O microbiologista Luiz Rosa, professor da UFMG (Universidade Federal de Minas Gerais), pensa o mesmo.
"O grosso da pesquisa antártica é feito no Brasil. A gente trabalha em média três meses na Antártida coletando dados, e o resto acontece aqui, nas universidades."
O grupo coordenado por Rosa reúne a maior coleção de fungos antárticos do mundo, muitos com potencial biotecnológico, como os produtores de penicilina. "Para alguns projetos vai ficar um 'gap' [lacuna], porque a coleta de dados é anual e a análise é feita numa escala temporal", explica Rosa.
O pessoal da oceanografia, por exemplo, precisa coletar dados anuais de correntes marinhas da Antártida. O mesmo ocorre com os pesquisadores que estudam a atmosfera na região. Mas, para Rosa, o cancelamento foi o melhor a ser feito. "Fica todo mundo muito confinado por muito tempo, seja no avião, seja na estação. Bastaria uma pessoa assintomática para transmitir para todos."
Além disso, lembra o pesquisador, se uma pessoa se infectasse, teria que ser transportada em uma viagem de três horas de navio até base chilena e de lá esperar um avião que a levasse até Punta Arenas –quando as condições atmosféricas permitissem o pouso e a decolagem da aeronave.
Paulo Câmara também avalia que a decisão foi acertada, mas diz que será um ano perdido para a ciência polar. "Você vai ver o gráfico e os dados e haverá um ano faltando para todo mundo." Ele diz, no entanto, que o impacto maior será se a missão de 2021-2022 não acontecer. "Será que vai ter vacina, remédio até lá? O Chile vai liberar? Ainda há muitas incertezas."
No momento, a maior preocupação dos pesquisadores é com o financiamento da pesquisa antártica. Todos os projetos foram orçados em dólar em 2018. "O dólar estava em R$ 2,08. Agora já bateu em R$ 5,50. O impacto é altíssimo", afirma Luiz Rosa.
Só em 2020, a alta acumulada do dólar é superior a 30%. "A gente depende de insumos importados. Os usados no sequenciamento de DNA triplicaram de preço", diz Câmara. Parte das missões futuras de campo também está sob ameaça, segundo Jefferson Simões. "Uma missão no interior da Antártida, no módulo Criosfera 1, nos custa cerca de US$ 250 mil. Com o dólar nas alturas, tudo ficou muito difícil."

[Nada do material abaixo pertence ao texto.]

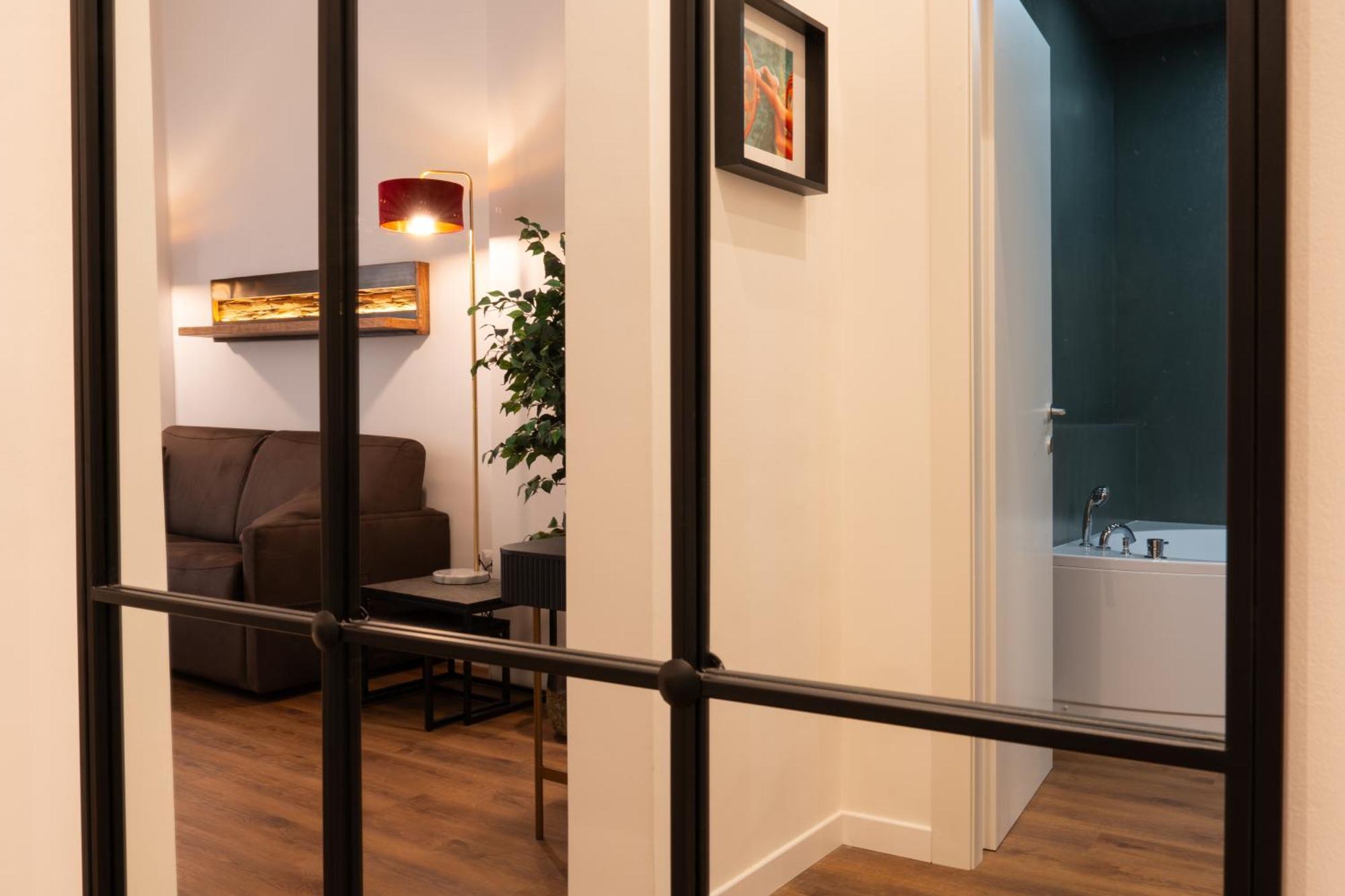 Cavalieri Suites Roma Exterior photo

Inaugurada em 2012, essa plataforma de pesquisas investiga mudanças da atmosfera, do clima e do gelo da Terra. Isso permite, por exemplo, estudos sobre frentes frias que afetam a produção agrícola. O módulo, laboratório latino-americano mais ao sul do planeta, é autossustentável, utiliza o sol e o vento para suprir toda a energia necessária para o funcionamento dos equipamentos de pesquisa.

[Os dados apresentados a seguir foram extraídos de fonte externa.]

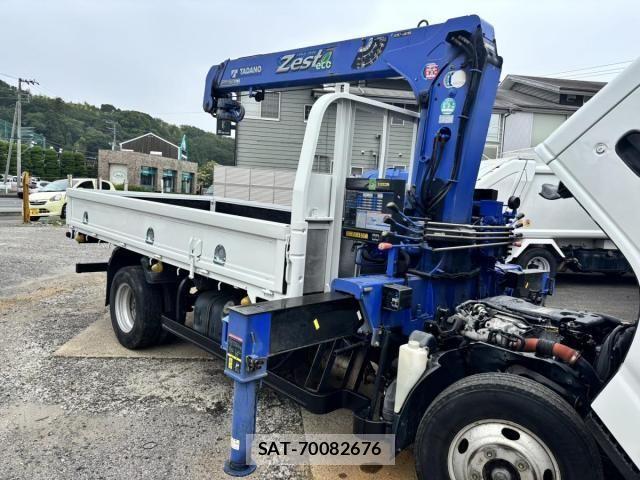 Isuzu ELF TRUCK 2013-07 7784582-20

Segundo ele, na última manutenção do módulo Criosfera, no final do ano passado, tudo foi feito para que os equipamentos funcionassem por dois anos, até novembro de 2021. "Temos naquele módulo mais de 400 kg de baterias. Mas sempre quebra algum equipamento durante o inverno. Vamos torcer para que sobrevivam até lá."